AIM OF THE EXERCISE – In the listing below, print exactly the lines between the line holding "cute chubby elephant emoji" and the line holding "1430x1200 Eight Bells, 1887", inclusive, and no more.

-=-=-=-=-

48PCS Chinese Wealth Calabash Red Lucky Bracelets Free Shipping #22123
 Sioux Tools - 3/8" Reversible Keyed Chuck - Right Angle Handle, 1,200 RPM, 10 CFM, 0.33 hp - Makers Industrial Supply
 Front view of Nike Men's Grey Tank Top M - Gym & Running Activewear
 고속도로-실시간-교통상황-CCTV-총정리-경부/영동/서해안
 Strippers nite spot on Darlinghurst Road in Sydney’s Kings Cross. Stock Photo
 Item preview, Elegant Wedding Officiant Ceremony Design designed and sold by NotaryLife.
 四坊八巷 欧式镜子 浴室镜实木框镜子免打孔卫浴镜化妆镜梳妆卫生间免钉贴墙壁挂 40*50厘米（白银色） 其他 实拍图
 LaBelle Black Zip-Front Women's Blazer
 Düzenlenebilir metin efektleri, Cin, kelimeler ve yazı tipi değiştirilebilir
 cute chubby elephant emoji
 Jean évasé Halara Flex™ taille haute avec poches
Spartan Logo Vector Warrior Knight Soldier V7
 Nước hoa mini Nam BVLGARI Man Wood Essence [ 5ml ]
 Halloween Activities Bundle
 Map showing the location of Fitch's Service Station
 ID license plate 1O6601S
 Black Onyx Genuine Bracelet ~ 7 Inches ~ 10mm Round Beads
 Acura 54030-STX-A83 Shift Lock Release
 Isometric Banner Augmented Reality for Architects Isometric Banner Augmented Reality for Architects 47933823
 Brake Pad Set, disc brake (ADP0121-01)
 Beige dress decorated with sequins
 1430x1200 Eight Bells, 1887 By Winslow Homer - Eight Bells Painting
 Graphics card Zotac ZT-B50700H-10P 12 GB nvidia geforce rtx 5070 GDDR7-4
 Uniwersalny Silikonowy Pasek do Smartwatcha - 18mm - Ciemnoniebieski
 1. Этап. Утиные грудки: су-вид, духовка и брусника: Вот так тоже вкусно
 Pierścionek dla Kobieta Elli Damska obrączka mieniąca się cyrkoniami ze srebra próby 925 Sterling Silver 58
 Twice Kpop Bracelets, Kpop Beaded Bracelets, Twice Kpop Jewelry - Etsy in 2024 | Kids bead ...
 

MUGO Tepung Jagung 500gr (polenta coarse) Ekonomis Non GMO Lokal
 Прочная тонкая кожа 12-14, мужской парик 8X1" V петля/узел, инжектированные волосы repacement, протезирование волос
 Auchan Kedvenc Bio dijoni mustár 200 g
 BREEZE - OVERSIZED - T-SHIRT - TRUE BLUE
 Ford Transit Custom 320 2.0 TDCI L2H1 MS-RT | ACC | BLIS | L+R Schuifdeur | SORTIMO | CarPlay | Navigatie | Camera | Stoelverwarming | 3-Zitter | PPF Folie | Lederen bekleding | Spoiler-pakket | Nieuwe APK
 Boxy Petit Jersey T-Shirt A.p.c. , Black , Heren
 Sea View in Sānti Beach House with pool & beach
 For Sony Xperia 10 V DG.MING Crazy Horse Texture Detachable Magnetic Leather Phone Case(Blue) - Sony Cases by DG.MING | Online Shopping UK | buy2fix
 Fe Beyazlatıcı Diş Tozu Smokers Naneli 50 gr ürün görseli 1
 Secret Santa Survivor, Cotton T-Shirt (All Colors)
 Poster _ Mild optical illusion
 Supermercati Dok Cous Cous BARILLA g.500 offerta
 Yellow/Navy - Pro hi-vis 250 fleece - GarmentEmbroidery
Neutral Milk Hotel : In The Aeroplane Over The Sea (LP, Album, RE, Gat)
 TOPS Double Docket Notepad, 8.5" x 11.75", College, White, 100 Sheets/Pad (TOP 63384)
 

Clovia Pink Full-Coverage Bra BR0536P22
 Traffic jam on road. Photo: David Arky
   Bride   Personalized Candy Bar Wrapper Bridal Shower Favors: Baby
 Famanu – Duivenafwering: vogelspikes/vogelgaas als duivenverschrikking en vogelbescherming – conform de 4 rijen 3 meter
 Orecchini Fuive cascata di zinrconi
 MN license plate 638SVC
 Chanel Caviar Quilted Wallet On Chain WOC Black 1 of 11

-=-=-=-=-

ANSWER SECTION –
 cute chubby elephant emoji
 Jean évasé Halara Flex™ taille haute avec poches
Spartan Logo Vector Warrior Knight Soldier V7
 Nước hoa mini Nam BVLGARI Man Wood Essence [ 5ml ]
 Halloween Activities Bundle
 Map showing the location of Fitch's Service Station
 ID license plate 1O6601S
 Black Onyx Genuine Bracelet ~ 7 Inches ~ 10mm Round Beads
 Acura 54030-STX-A83 Shift Lock Release
 Isometric Banner Augmented Reality for Architects Isometric Banner Augmented Reality for Architects 47933823
 Brake Pad Set, disc brake (ADP0121-01)
 Beige dress decorated with sequins
 1430x1200 Eight Bells, 1887 By Winslow Homer - Eight Bells Painting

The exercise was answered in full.